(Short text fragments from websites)
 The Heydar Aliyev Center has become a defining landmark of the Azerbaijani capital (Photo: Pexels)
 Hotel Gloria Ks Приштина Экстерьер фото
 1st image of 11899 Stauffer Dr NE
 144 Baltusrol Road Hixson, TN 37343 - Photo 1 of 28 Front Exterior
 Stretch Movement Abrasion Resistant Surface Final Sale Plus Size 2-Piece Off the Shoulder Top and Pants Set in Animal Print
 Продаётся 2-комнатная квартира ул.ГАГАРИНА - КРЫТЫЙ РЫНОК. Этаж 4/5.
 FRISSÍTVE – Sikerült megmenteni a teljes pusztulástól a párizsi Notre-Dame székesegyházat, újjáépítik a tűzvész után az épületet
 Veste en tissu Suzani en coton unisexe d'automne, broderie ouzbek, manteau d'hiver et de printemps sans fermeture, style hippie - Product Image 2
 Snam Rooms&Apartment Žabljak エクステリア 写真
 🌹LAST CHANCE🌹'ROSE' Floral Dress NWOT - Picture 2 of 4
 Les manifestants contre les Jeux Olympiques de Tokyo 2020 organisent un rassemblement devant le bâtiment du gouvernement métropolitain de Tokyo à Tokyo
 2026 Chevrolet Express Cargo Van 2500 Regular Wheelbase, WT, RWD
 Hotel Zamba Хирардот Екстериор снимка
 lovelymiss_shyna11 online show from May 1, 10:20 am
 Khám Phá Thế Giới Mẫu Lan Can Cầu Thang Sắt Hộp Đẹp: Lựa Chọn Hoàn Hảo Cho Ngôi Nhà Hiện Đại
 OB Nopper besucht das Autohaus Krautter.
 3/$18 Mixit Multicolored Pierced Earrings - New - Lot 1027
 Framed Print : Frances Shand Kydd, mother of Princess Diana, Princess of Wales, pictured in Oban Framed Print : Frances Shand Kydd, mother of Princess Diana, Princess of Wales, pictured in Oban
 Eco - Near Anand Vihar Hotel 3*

Required work: There is a line above that contains "Hotel Zamba Хирардот Екстериор снимка". Copy it and all later lines through the last, exactly, and leave out the rest.

Exercise response:
 Hotel Zamba Хирардот Екстериор снимка
 lovelymiss_shyna11 online show from May 1, 10:20 am
 Khám Phá Thế Giới Mẫu Lan Can Cầu Thang Sắt Hộp Đẹp: Lựa Chọn Hoàn Hảo Cho Ngôi Nhà Hiện Đại
 OB Nopper besucht das Autohaus Krautter.
 3/$18 Mixit Multicolored Pierced Earrings - New - Lot 1027
 Framed Print : Frances Shand Kydd, mother of Princess Diana, Princess of Wales, pictured in Oban Framed Print : Frances Shand Kydd, mother of Princess Diana, Princess of Wales, pictured in Oban
 Eco - Near Anand Vihar Hotel 3*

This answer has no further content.